### Problem statement
What is needed is an exact copy of the lines from the one containing "New 2026 Toyota Grand Highlander SUV" through the last line of the records, with no pictures.

[Opening The data section]

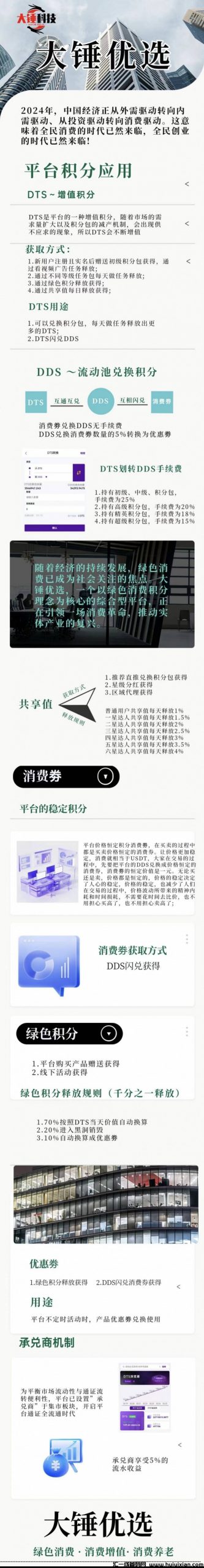 大锤优选：2024年瞩目巨献，火爆全网在即！卷轴+消费全返创新模式，强力扶持置顶，诚邀全网团队长共襄盛举！-汇一线首码网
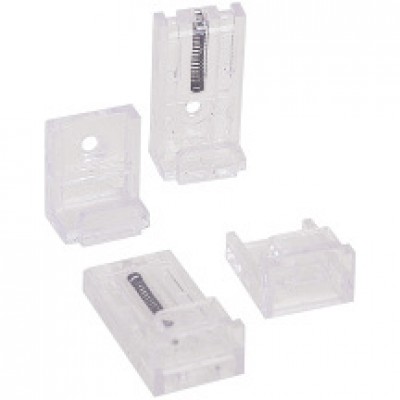 Patte à glace extensible invisible plastique le jeu de 4 PRADEL MIROITERIE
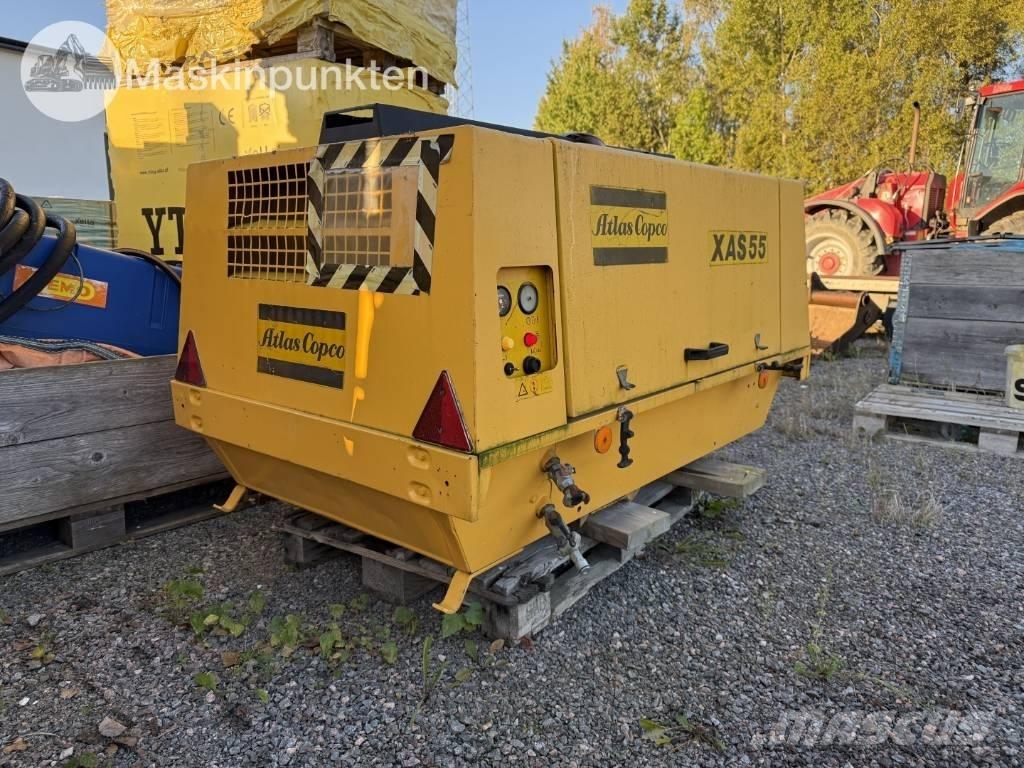 Atlas Copco XAS 55 Kompressoren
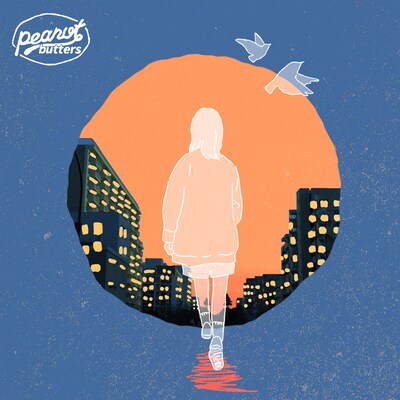 peanut butters「夕焼けハローワーク」配信ジャケット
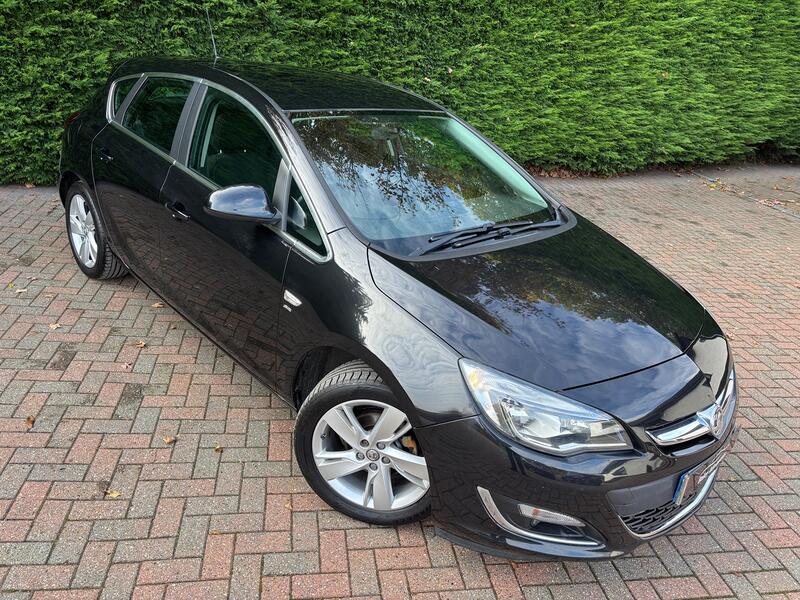 View VAUXHALL ASTRA 1.4 i SRi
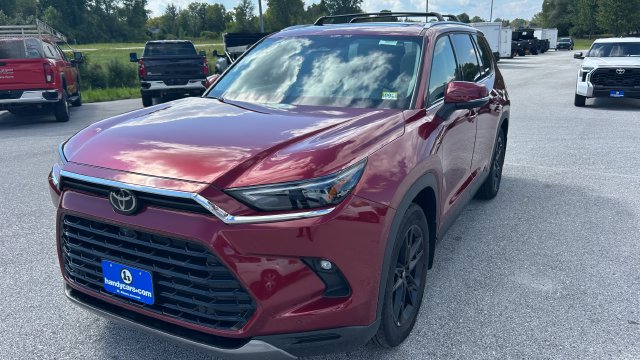 New 2026 Toyota Grand Highlander SUV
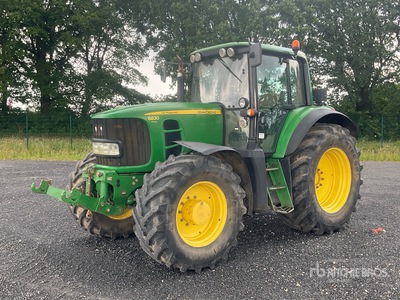 2011 John Deere 6830 Trattore agricolo 4RM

[Closing The data section]

### Written solution
 New 2026 Toyota Grand Highlander SUV
 2011 John Deere 6830 Trattore agricolo 4RM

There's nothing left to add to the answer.